Basically, we have a couple of processes that have a system stage that every certain time (for example every 5 hours - using Timed Event: When Folder Last Updated), tries to see if a value in another database is available and if it is available, the folder moves on to the next stage, if not it will stay there and wait repeat the process. If after a certain amount of attempts, the information is not retrieved it will inform the users.

We have the processes working, but every know and then (I would say 2/50 folders) the folders stay stuck in the stage, and obviously these will not notify users,move to the following stage, nor write the record on the ewait table.

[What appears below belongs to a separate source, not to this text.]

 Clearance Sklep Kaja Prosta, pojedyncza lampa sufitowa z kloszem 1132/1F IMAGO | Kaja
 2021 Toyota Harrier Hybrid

From previous post I've read that sometimes the engine fails and the record is not created in the ewait table, therefore the folders stay stuck in these stages, so we have to manually move these folder with an user action.

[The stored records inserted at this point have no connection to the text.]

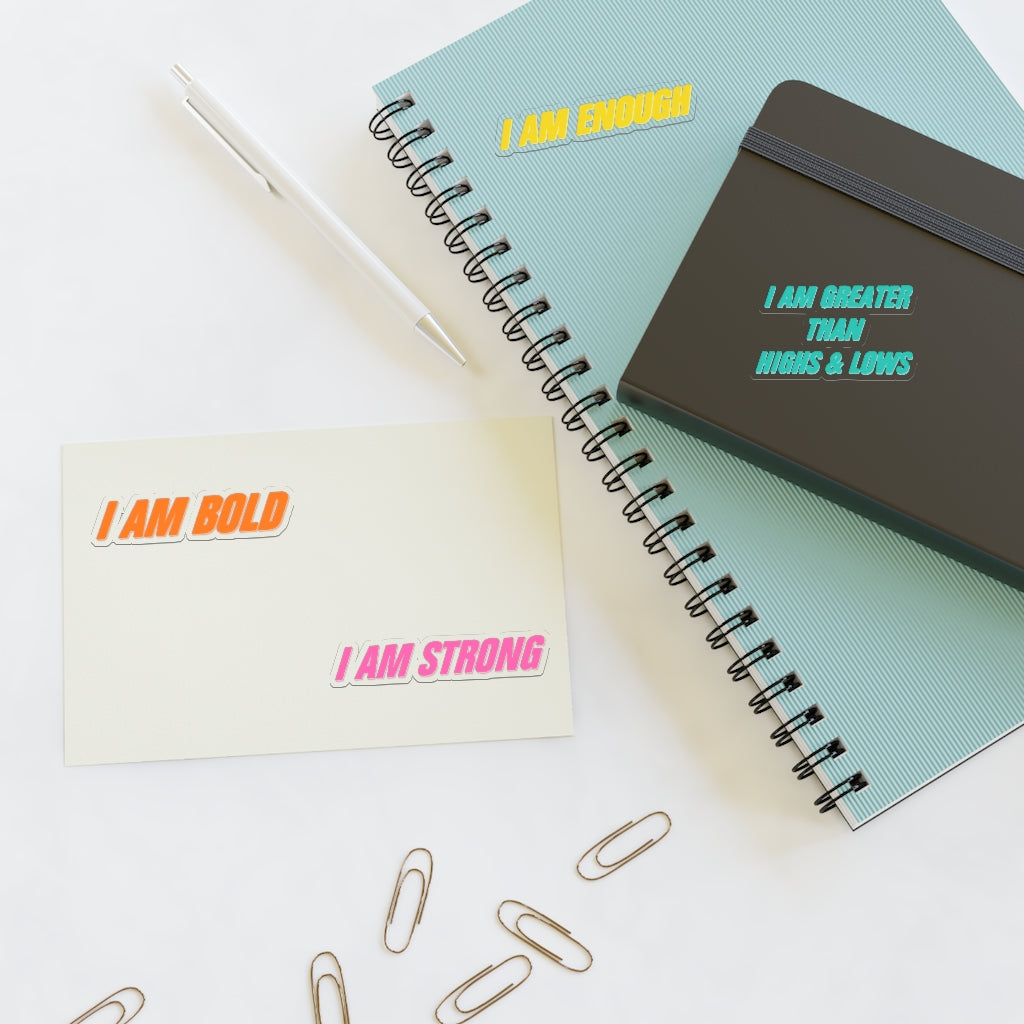 Self Dia-Log Stickers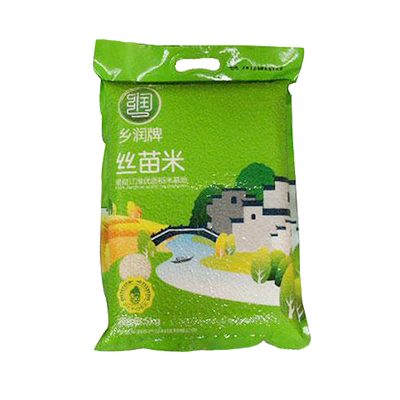 丝苗米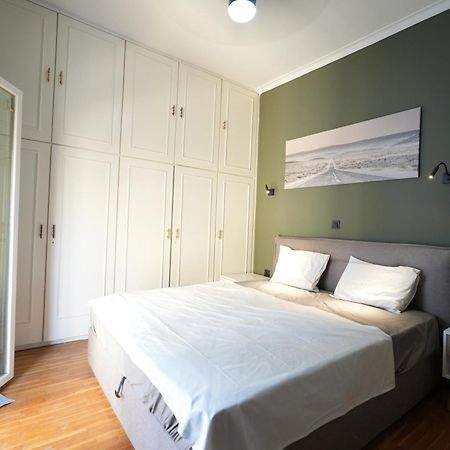 Apartament Modern Athenian Penthouse Zewnętrze zdjęcie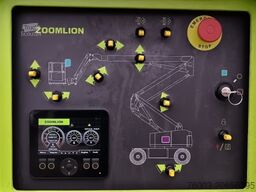 Zoomlion ZA20J - 15m, 4x4, diesel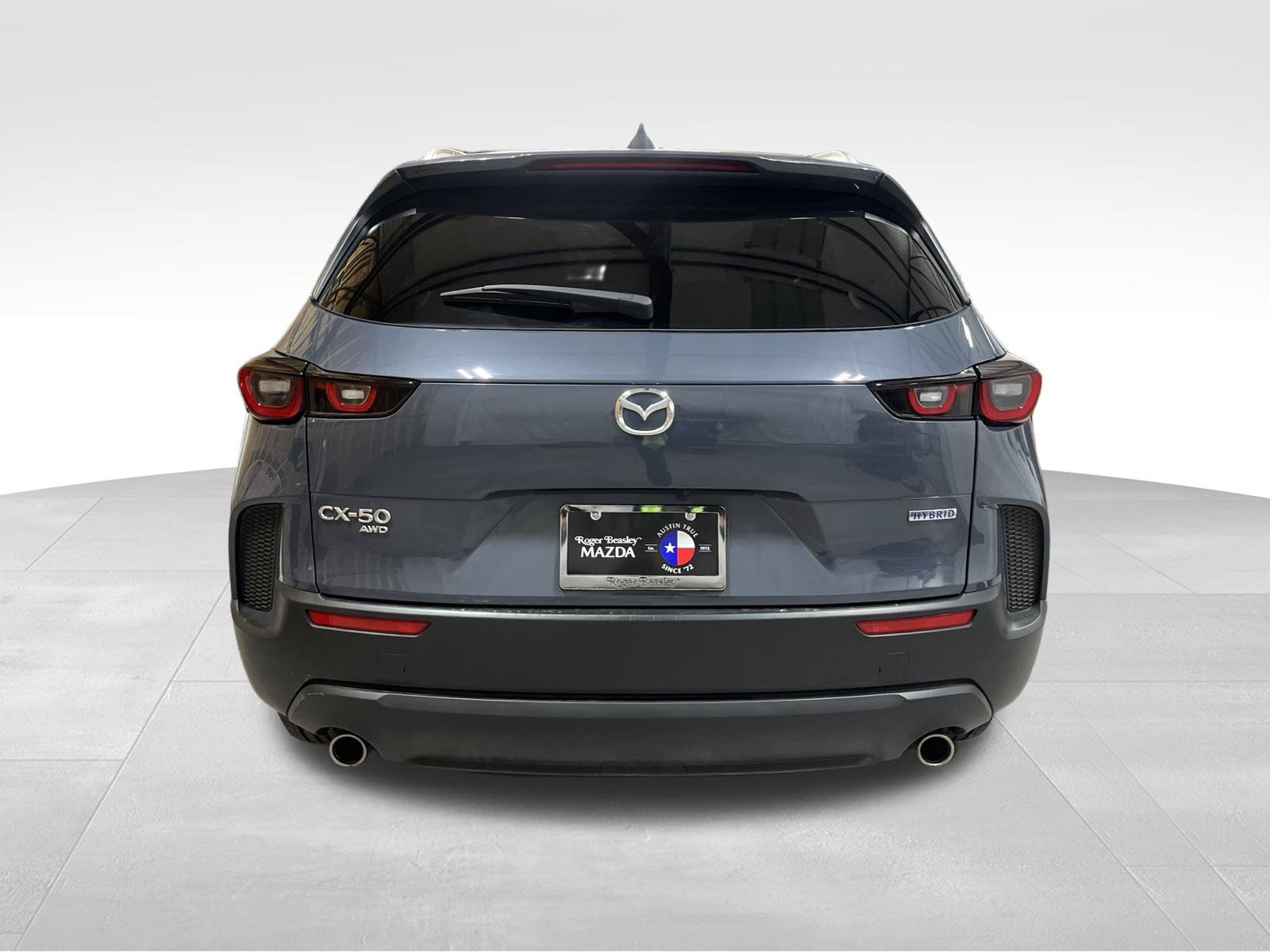 Certified 2025 MAZDA CX-50 2.5 Hybrid w/ Preferred Pkg AWD/4WD image 6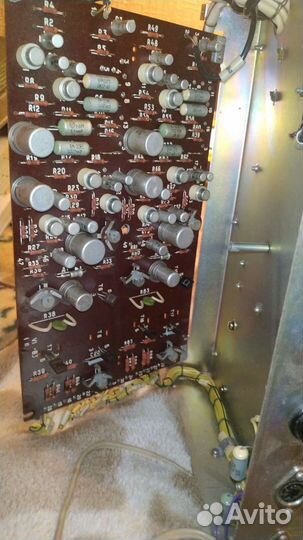 Усилитель п-70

So here are my primary questions:

Why does the engine fail to write these timed or conditional actions? Is there a way to prevent it?
On the other hand, is there a way to set a second timer (based on the Last Update Time) in case the first one fails?

Thanks in advance for any given suggestions!

Find more posts tagged with

BPM

Comments

Richard Burt

We have had a similar situation. A folder is due to be updated 5 minutes after 'folder last updated' time. Occasionally when this action fires the folder will be involved in a deadlock on the eFolder table in the database. Therefore the action rolls back and the folder was then just stopping where it was.

Our solution was to create a duplicate of the action but timed for 10 minutes after 'folder last updated'. If the first action fails to commit then the folder last updated time remains the same therefore the second action will fire a few minutes later (and it can only be reached if the first one fails).

So far this seems to have done the trick.

Rick.

David Conrads

We have had steady issues with this too, always deadlock related. I'll echo what Rick said, we also put a second timer in on system stages where we don't expect the folder to stop and hang out. We have them firing every 15 minutes, and for the most part that works. However, we had to go a step further for a couple reasons. First, the secondary timers are also susceptible to deadlocks and can fail in the same way. Second, there is a way to fix the deadlock issue (I'll explain) but we weren't will to accept the performance drop. So we ended up building a nightly ECL batch process that queries for these stuck folders and fires a simple loopback action (with rebuild todo list option) on them. This closes the gap completely.

Assuming you're using SQL Server and deadlocks are your underlying issue (check elog for one of the affected folders), you can do two things to help with that. First you can set the transaction isolation on the Metastorm database to be READ_COMMITTED_SNAPSHOT. We did this and it cut down the number of deadlocks by about 90%. You can also set MAXDOP=1 on your SQL server instance which should completely resolve the deadlocks, but also makes your database run on a single CPU. We didn't do that because we'd rather deal with the deadlocks than degrading performance.